# [What to do]
Only an exact repetition of the lines from the one holding "Vitrolles-En-Luberon to Charleval map" to the end of the data is wanted, with pictures left out.

# [Exercise data]
=====
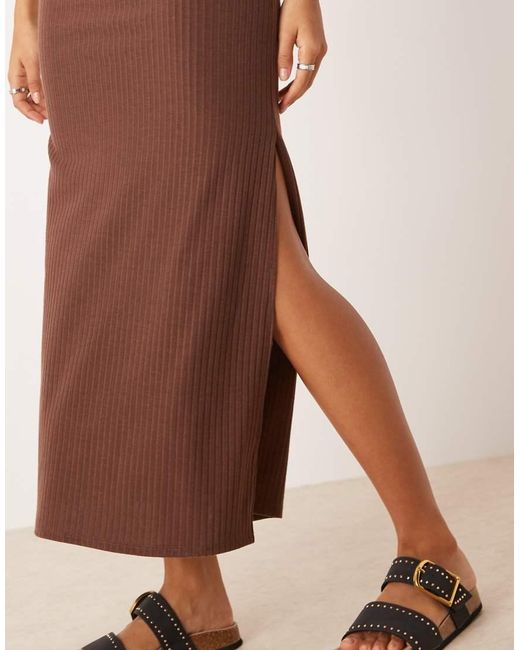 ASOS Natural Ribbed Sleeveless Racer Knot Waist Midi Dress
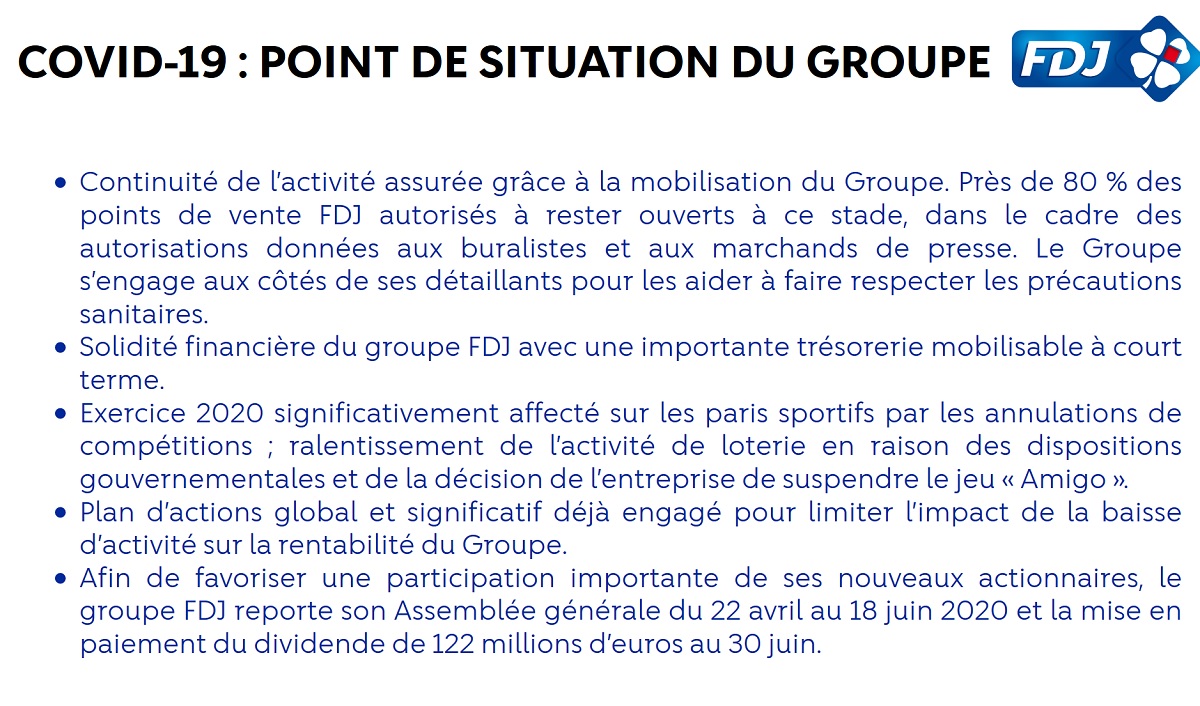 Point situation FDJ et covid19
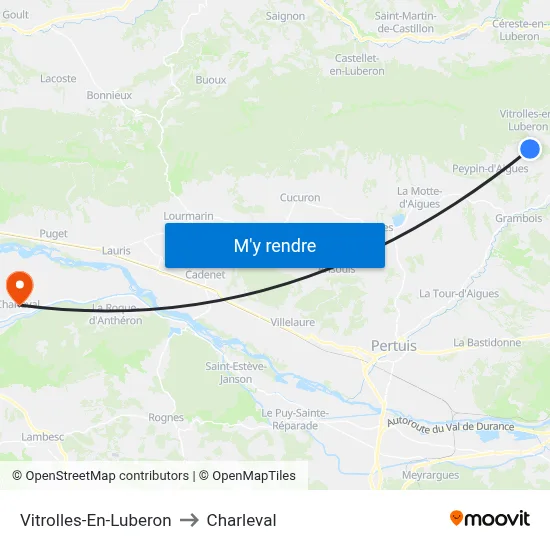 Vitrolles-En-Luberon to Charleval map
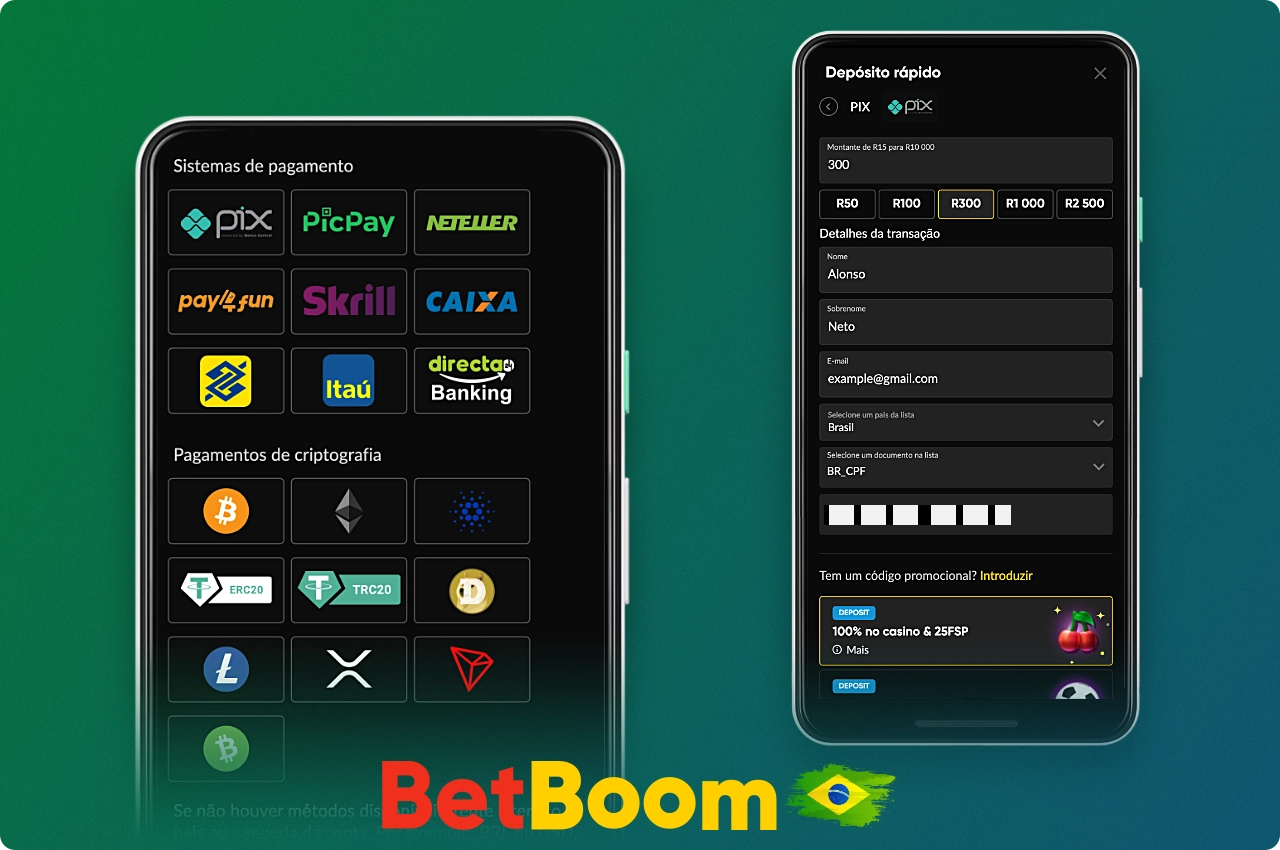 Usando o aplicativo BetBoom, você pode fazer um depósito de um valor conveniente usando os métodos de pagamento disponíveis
=====
# [Task result]
 Vitrolles-En-Luberon to Charleval map
 Usando o aplicativo BetBoom, você pode fazer um depósito de um valor conveniente usando os métodos de pagamento disponíveis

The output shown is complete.